# Paint marring



## losi_8_boy (Aug 29, 2009)

Is there a thread some where about paint marring?

Want to understand more about it and how it occurs etc?

Thanks


----------



## ocd13 (Aug 25, 2010)

Plenty of info about marring in Davekg's guide:thumb:

http://www.detailingworld.co.uk/forum/showthread.php?t=66024


----------



## -Raven- (Aug 26, 2010)

Not fully working your polish is generally the problem. 
The paint is not refined, so you can see where the polish has been scratching away.
This is the reason you have to follow a heavy compound with a finer polish to get the paint back to clear.


----------



## Bratwurst (Jan 23, 2009)

You'll also get if from dirty sponges/mitts, dirty MF's and badly lubed clay.


----------



## TOGWT (Oct 26, 2005)

*Paint Surface Scratches* (cause)

•	Using an automated car wash or using an unsuitable brush to clean the vehicle or remove snow etc
•	Placing or dragging an object across the trunk lid
•	Using too much pressure with a car duster on a dusty / dirty surface
•	Pulling a car-cover over a very dusty / dirty vehicle or dirt /grit on the inside of the cover
•	Wiping a dry surface with a dry cloth 
•	Infrequent rinsing of brush or wash mitt when washing vehicle
•	Using a dirty towel (dirt / grit trapped in fibres) or towels and / or applicators that contain polyester (plastic) threads
•	Using a towel or cloth that is unsuitable for paint film surfaces
•	Not thoroughly rinsing road grime before drying
•	Using a car wash concentrate that doesn't suspend grit / dirt before it gets rinsed away
•	Improper use of a water-blade (i.e. not rinsing blade surface after each pass)
•	Wiping a spot of dirt / dust with your hands to maintain a 'pristine' look 
•	Using insufficient lubrication when using automotive detailer's clay
•	Improper methodology / tools used when washing paint surface ( the most common cause of surface scratching / marring)
Detailers tend to categorize scratches as "swirls" but technically there are two types of scratches due to the differing methods used to impart them onto the paint surface
•	Swirl marks (Halo-scratches), which, when the light reflects off the raised edges of the scratches, appear as circular scratches (hence halo) but in reality they are made up of numerous straight line random scratches which are caused by washing, drying and everyday wear and tear. Some are surface marring and others can be rather deep into the clear or top coat.
•	Holograms (sometimes referred to a buffer trails) this type of scratch has a fine pattern, caused by the use of a high speed polisher and not using a finishing product / pad
•	Surface scratch (or marring-) probable cause is by automatic car wash or poor cleaning techniques. The marring makes light refract instead of reflect, this kind of damage is usually confined to the clear coat, and can usually be rectified with a pre-wax cleaner or mildly abrasive polish.
•	Visible abrasions- dragging an object across the top of the trunk lid often cause this kind of surface damage, or careless use of the car keys or even fingernails around the door handles. They can usually be rectified with a slightly abrasive pre-wax cleaner or a mild / medium abrasive polish.
•	Visible damage-if the scratches show a black or white colour it probably means that it's compromised the paint system through to the primer.

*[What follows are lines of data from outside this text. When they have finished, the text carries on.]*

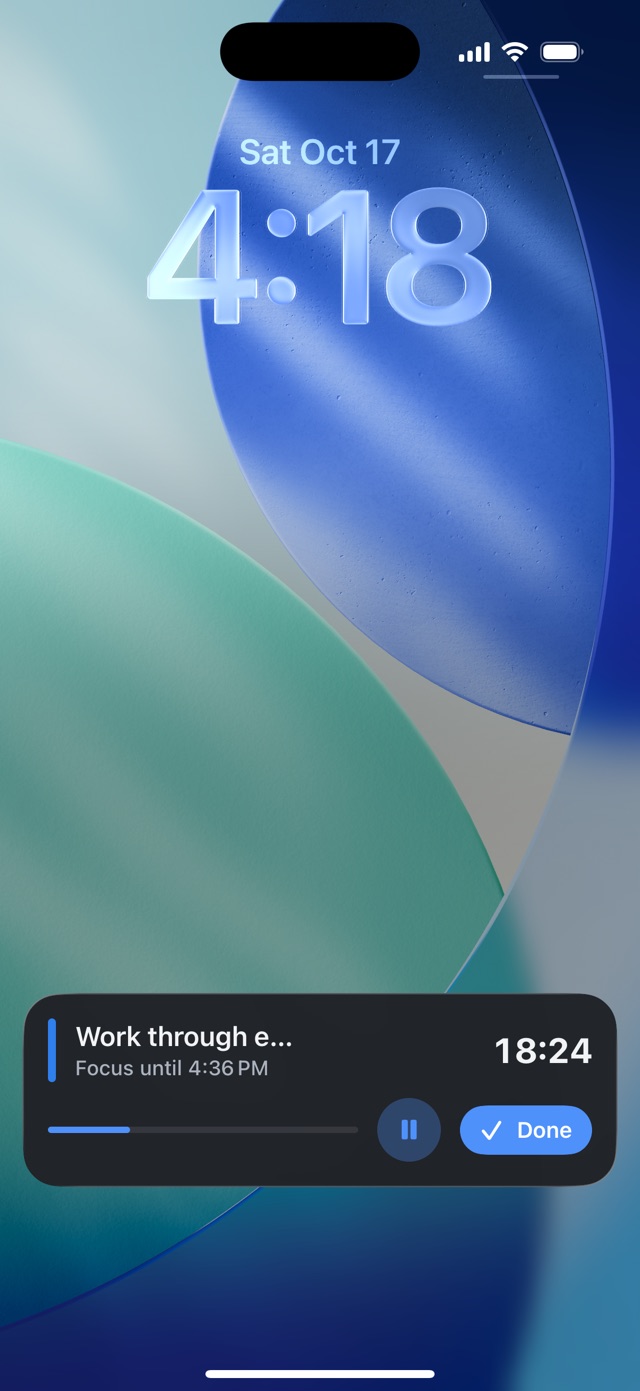 Lock Screen with a Live Activity: focus on “Work through emails” with time left, Pause and Done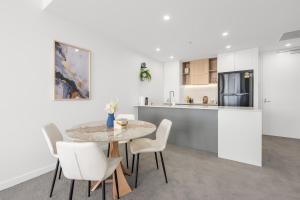 a kitchen and dining room with a table and chairs at Stylish Woden 2BR, Near Hospital, CIT, Westfield in Phillip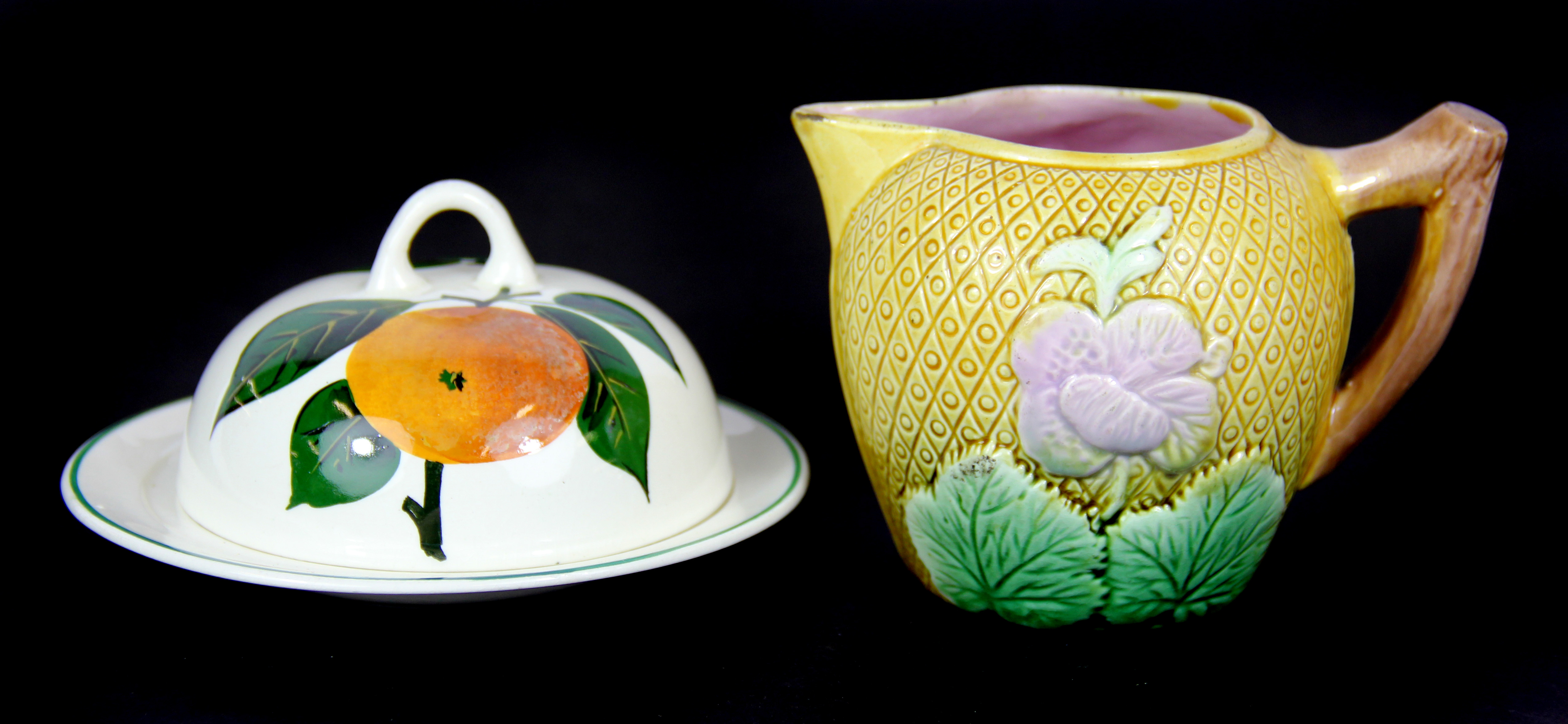 A Plichta (Wemyss) butter dish and cover, Dia. 13cm, together with an English Majolica jug.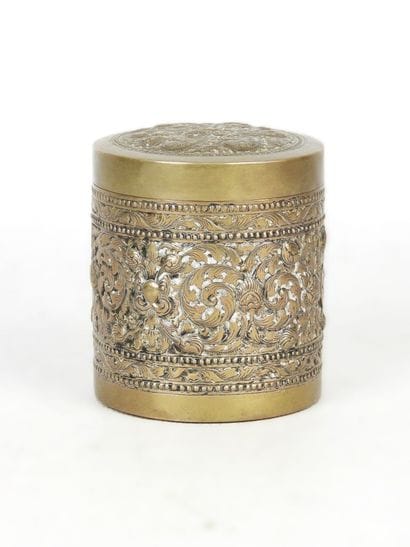 Cylindrical silver box decorated with a floral...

They can usually be rectified by thoroughly cleaning the affected area, then apply a rust preventative primer before the application of both a colour and clear coat with a solvent or a slightly abrasive pre-wax cleaner or polish. Re-apply a protective polish and sealant after the repairs have been affected and the paint has had time to cure.

Before deciding upon treatment, you should first access how deep the scratch is and how badly the paint film surface is compromised.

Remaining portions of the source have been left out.